::: THE RECORDS

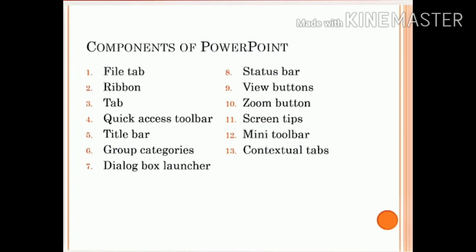The View button appears on the right side of the status bar; you can use view buttons to change between Normal View, Slide Sorter View, and Slideshow View. Zoom button is the button that magnifies or reduces the size of the slide. Screen tips are small windows that appear when you move the mouse over a button or a dialog box launcher. Mini Toolbar is a small horizontal bar containing some of the commonly used formatting commands. Last, contextual or content-sensitive tabs are visible on the ribbon only for a particular context. These are the main components of PowerPoint.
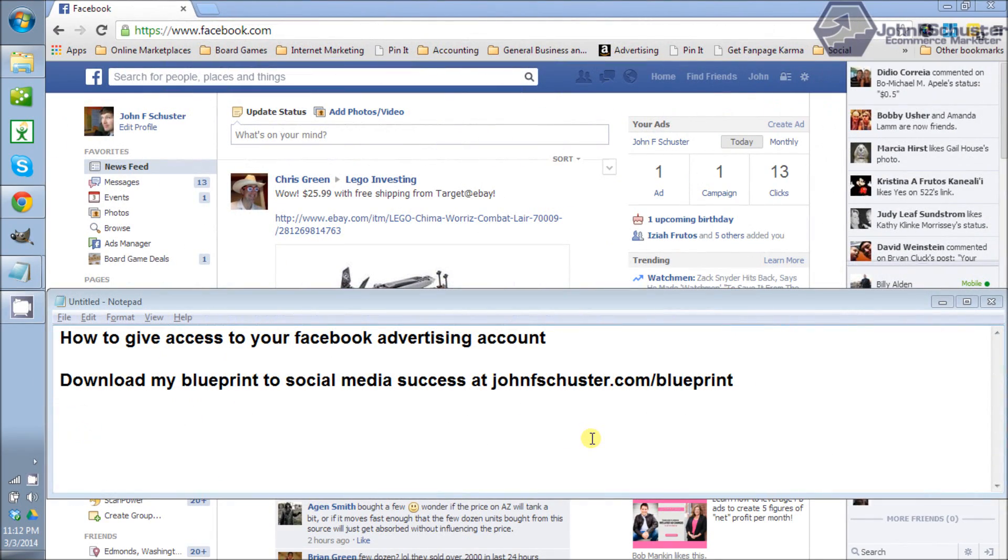In this video I'm going to show you how to give access to your Facebook advertising account. That way if you need some help or you're hiring an agency to manage your Facebook ads for you, you can do that.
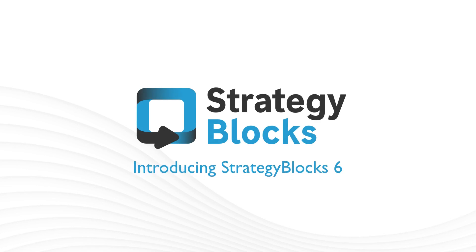Hello, this is Craig from Strategy Blocks and I'm looking forward to showing you some of the new exciting features in Strategy Blocks 6.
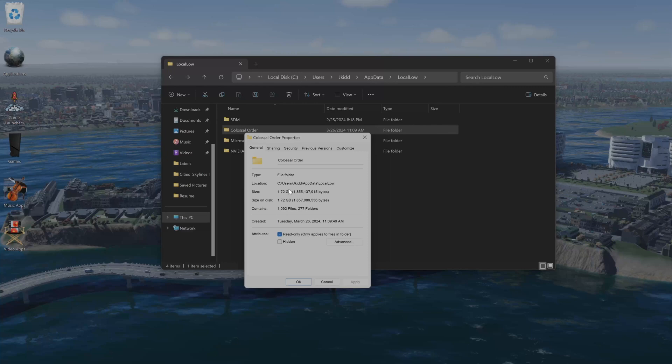Your mods and stuff are downloaded right there. Whenever you install mods, they go there. You need to clear all of that out altogether.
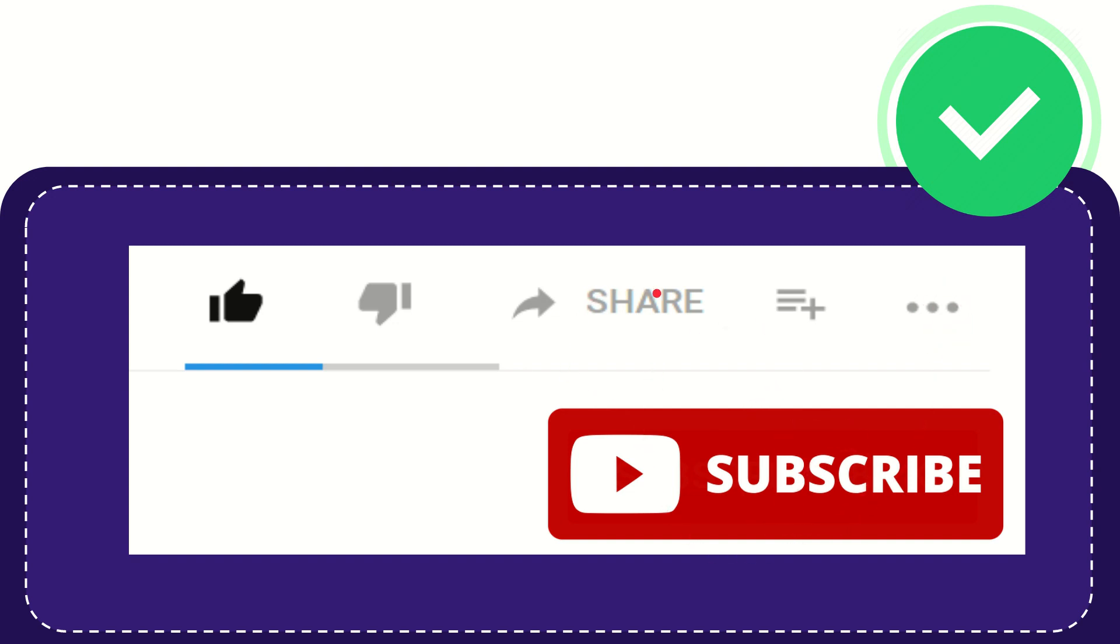I think that's all. Thank you so much for watching this video, and see you again in another video. Bye-bye, see you again.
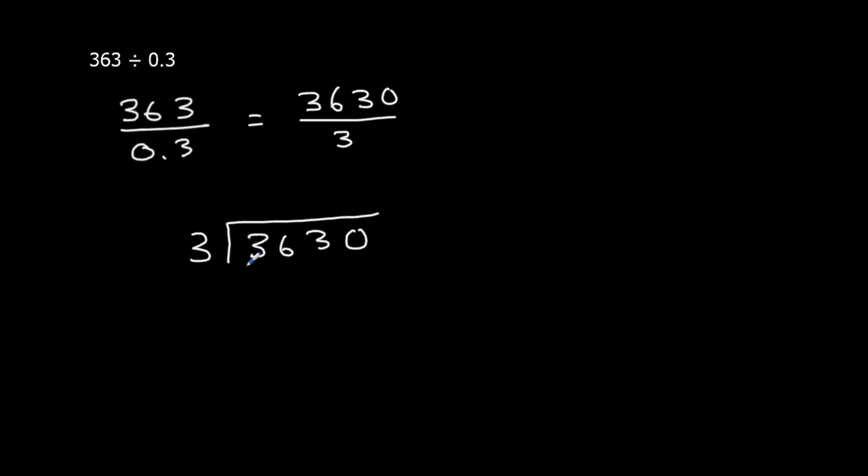How many 3s going to 3? 1. How many 3s going to 6? 2. How many 3s going to 3? 1. How many 3s into nothing? Nothing. So the answer is 1210.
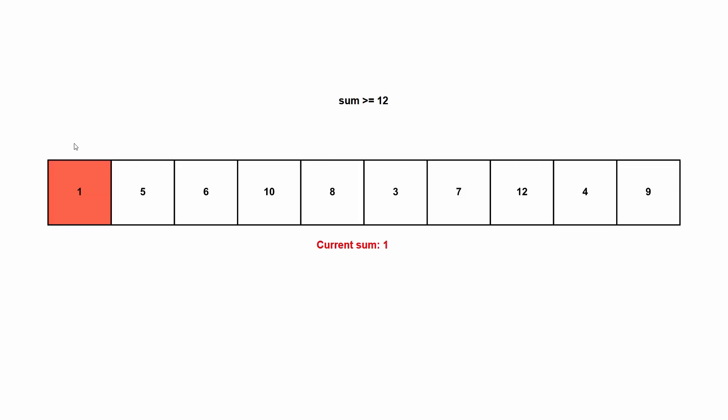Basically, every time we're not filling the condition, we're going to increase our subarray to the right. And every time we are filling the condition, we're going to make our subarray smaller from the left. And I'm going to colorize our subarray.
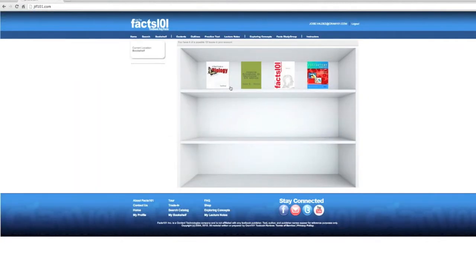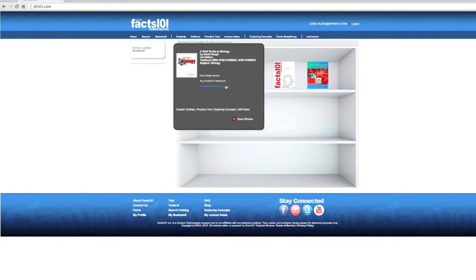To remove a book from your bookshelf, select the book you wish to remove and click the Remove from Bookshelf button.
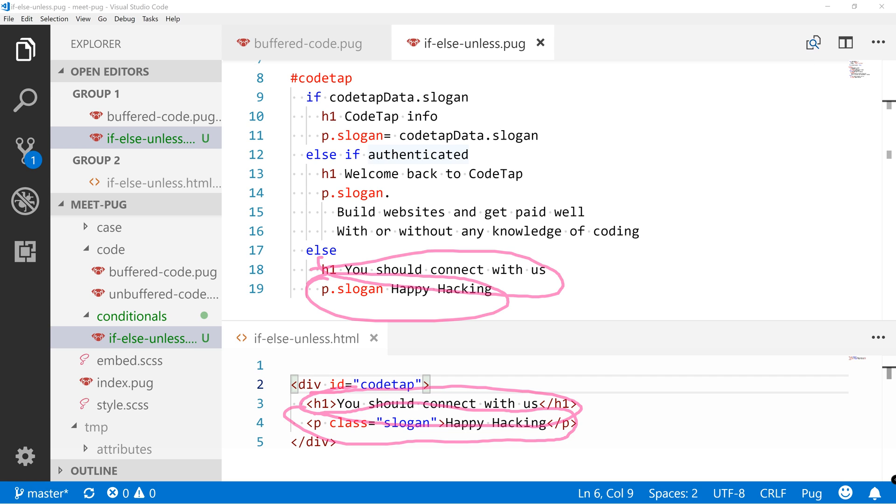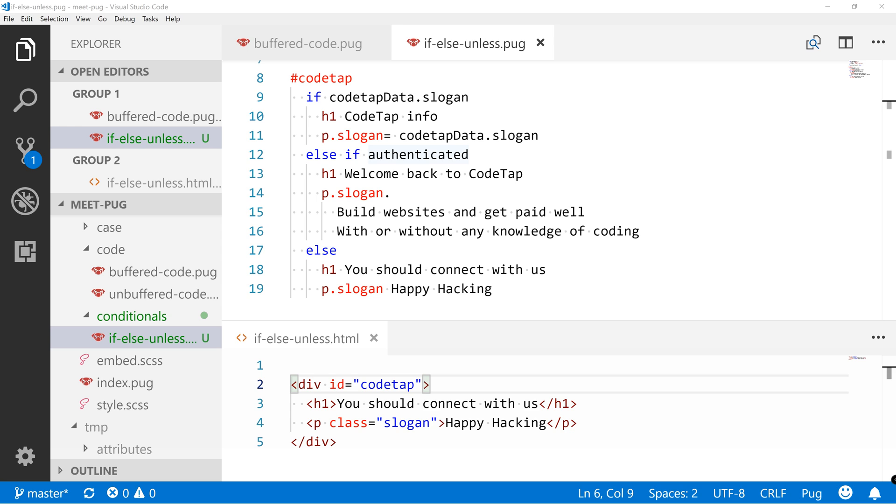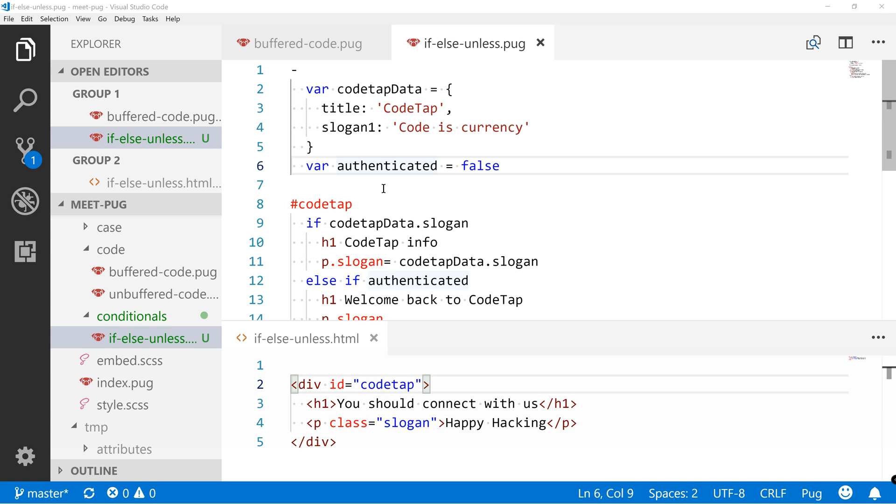And then there is another one which is unless. Let's quickly write some code.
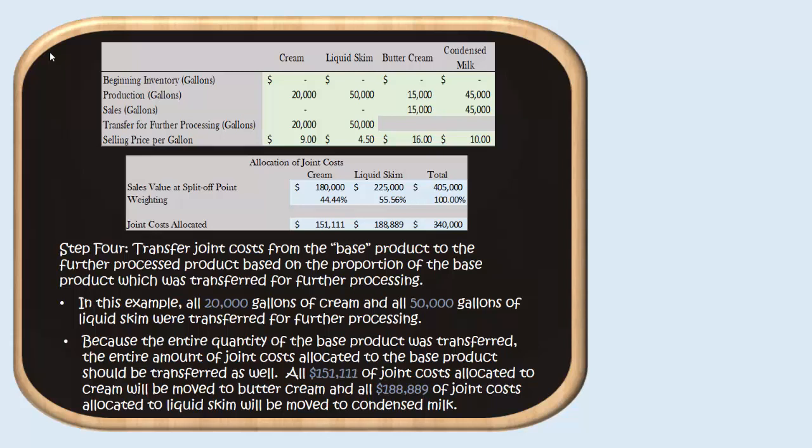Now we know how much joint cost is allocated to each base level product. Since we're not going to sell them as base level products but process them further, we need to send each base level product's allocated joint costs to those further processed goods based on the portion actually transferred. Our information tells us we transferred all of the cream and all of the liquid skim for further processing, which means we should transfer all of the costs. So we pass all $151,111 of joint costs allocated to cream off to buttercream, and all $188,889 of joint costs allocated to liquid skim off to condensed milk.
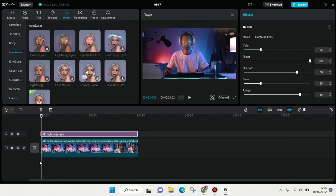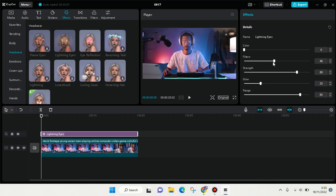Here you can do some adjustments like the color. I'm going to go with this color. You can also adjust the filters - I'm going to go with 50, and then the strength I'm going to go all the way.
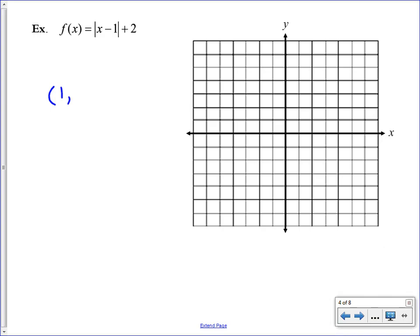The plus 2 outside tells us to take all the y values and move them up 2. So the new vertex is located at (1, 2). There are no other transformations in this equation, so from that vertex the rest of the v is going to look just like the parent function.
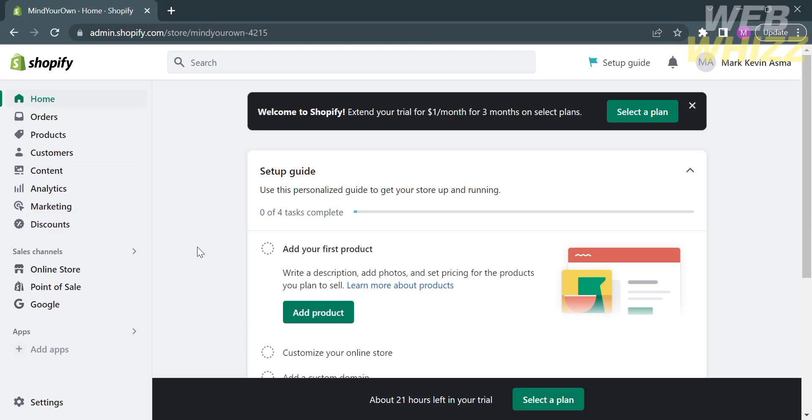How to change image zoom in Shopify. Hello and welcome to our channel WebWiz. In this tutorial, I'm going to show you how to change image zoom in Shopify. So please watch till the end to properly understand the tutorial.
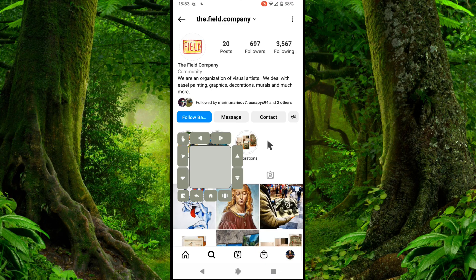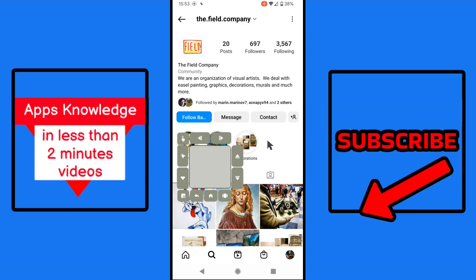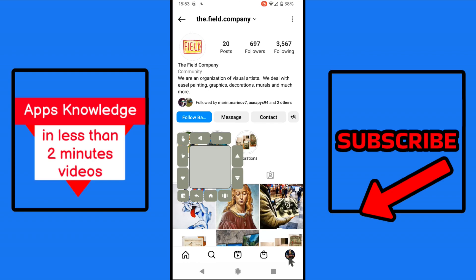The second way to unfollow someone on Instagram will allow you to unfollow a person even if you don't remember their Instagram username. Let's say you don't like this person anymore in the offline world, so what you need to do is open your profile and there is Following.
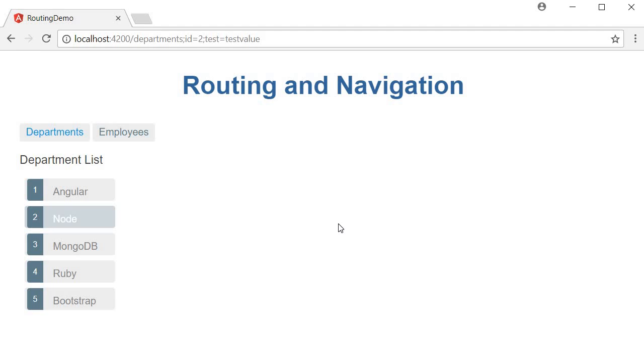So that is about route parameters in Angular. Thank you for watching — don't forget to subscribe and I'll see you in the next video.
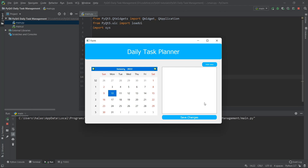In the next video we'll work with the calendar widget and add the code for it. After that, we'll work with the list widget to create the checklist. And in the final video, we'll integrate the database using SQLite to save our daily tasks. Thank you so much for watching, and I'll see you in the next one. Bye-bye.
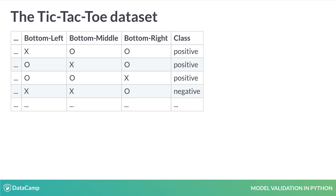The final column indicates if the first player won, labeled positive, or not, labeled negative.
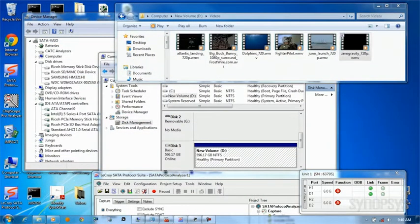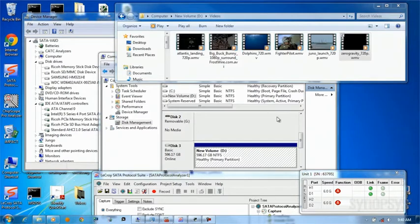In the top window here, we see the volume for the connected drive. And on this particular drive, we have several video clips loaded. In the middle window — bringing that to the forefront — is the Windows Disk Management utility. And from here, we can see the attached drive as well.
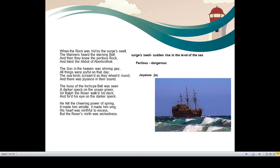The buoy of the Inch Cape bell was seen. The base of the bell could be seen. A darker speck on the ocean green. As if it was on the ocean green, just a dot, just a mark.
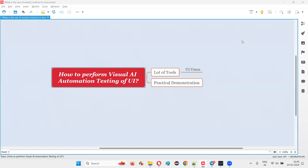Hello all, welcome to this session. In this session, I am going to show you how to perform visual AI automation testing of the UI of a web application. Let's get started.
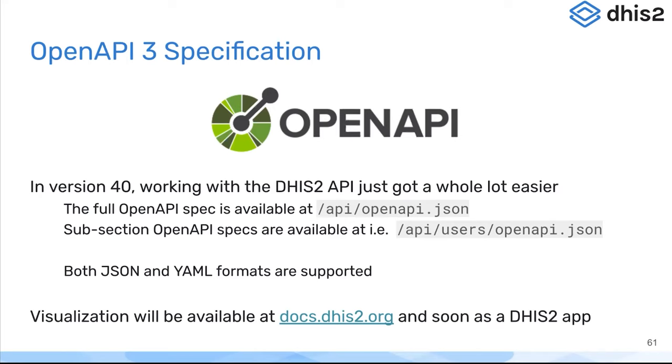You can download subsections of that API because it is quite big and that can be problematic for some clients. So you can actually download a section of that specification, only the specification for the users portion of the API for example, using a different URL. Both JSON and YAML formats are available. This is an API feature so it's kind of behind the scenes.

::::::

**PROBLEM STATEMENT:** Keep every word of the records and none of the pictures when you print them again.

**SOLUTION:**
The View button appears on the right side of the status bar; you can use view buttons to change between Normal View, Slide Sorter View, and Slideshow View. Zoom button is the button that magnifies or reduces the size of the slide. Screen tips are small windows that appear when you move the mouse over a button or a dialog box launcher. Mini Toolbar is a small horizontal bar containing some of the commonly used formatting commands. Last, contextual or content-sensitive tabs are visible on the ribbon only for a particular context. These are the main components of PowerPoint.
In this video I'm going to show you how to give access to your Facebook advertising account. That way if you need some help or you're hiring an agency to manage your Facebook ads for you, you can do that.
Hello, this is Craig from Strategy Blocks and I'm looking forward to showing you some of the new exciting features in Strategy Blocks 6.
Your mods and stuff are downloaded right there. Whenever you install mods, they go there. You need to clear all of that out altogether.
I think that's all. Thank you so much for watching this video, and see you again in another video. Bye-bye, see you again.
How many 3s going to 3? 1. How many 3s going to 6? 2. How many 3s going to 3? 1. How many 3s into nothing? Nothing. So the answer is 1210.
Basically, every time we're not filling the condition, we're going to increase our subarray to the right. And every time we are filling the condition, we're going to make our subarray smaller from the left. And I'm going to colorize our subarray.
To remove a book from your bookshelf, select the book you wish to remove and click the Remove from Bookshelf button.
And then there is another one which is unless. Let's quickly write some code.
Now we know how much joint cost is allocated to each base level product. Since we're not going to sell them as base level products but process them further, we need to send each base level product's allocated joint costs to those further processed goods based on the portion actually transferred. Our information tells us we transferred all of the cream and all of the liquid skim for further processing, which means we should transfer all of the costs. So we pass all $151,111 of joint costs allocated to cream off to buttercream, and all $188,889 of joint costs allocated to liquid skim off to condensed milk.
Here you can do some adjustments like the color. I'm going to go with this color. You can also adjust the filters - I'm going to go with 50, and then the strength I'm going to go all the way.
The plus 2 outside tells us to take all the y values and move them up 2. So the new vertex is located at (1, 2). There are no other transformations in this equation, so from that vertex the rest of the v is going to look just like the parent function.
How to change image zoom in Shopify. Hello and welcome to our channel WebWiz. In this tutorial, I'm going to show you how to change image zoom in Shopify. So please watch till the end to properly understand the tutorial.
The second way to unfollow someone on Instagram will allow you to unfollow a person even if you don't remember their Instagram username. Let's say you don't like this person anymore in the offline world, so what you need to do is open your profile and there is Following.
So that is about route parameters in Angular. Thank you for watching — don't forget to subscribe and I'll see you in the next video.
In the next video we'll work with the calendar widget and add the code for it. After that, we'll work with the list widget to create the checklist. And in the final video, we'll integrate the database using SQLite to save our daily tasks. Thank you so much for watching, and I'll see you in the next one. Bye-bye.
The final column indicates if the first player won, labeled positive, or not, labeled negative.
In the top window here, we see the volume for the connected drive. And on this particular drive, we have several video clips loaded. In the middle window — bringing that to the forefront — is the Windows Disk Management utility. And from here, we can see the attached drive as well.
The buoy of the Inch Cape bell was seen. The base of the bell could be seen. A darker speck on the ocean green. As if it was on the ocean green, just a dot, just a mark.
Hello all, welcome to this session. In this session, I am going to show you how to perform visual AI automation testing of the UI of a web application. Let's get started.
You can download subsections of that API because it is quite big and that can be problematic for some clients. So you can actually download a section of that specification, only the specification for the users portion of the API for example, using a different URL. Both JSON and YAML formats are available. This is an API feature so it's kind of behind the scenes.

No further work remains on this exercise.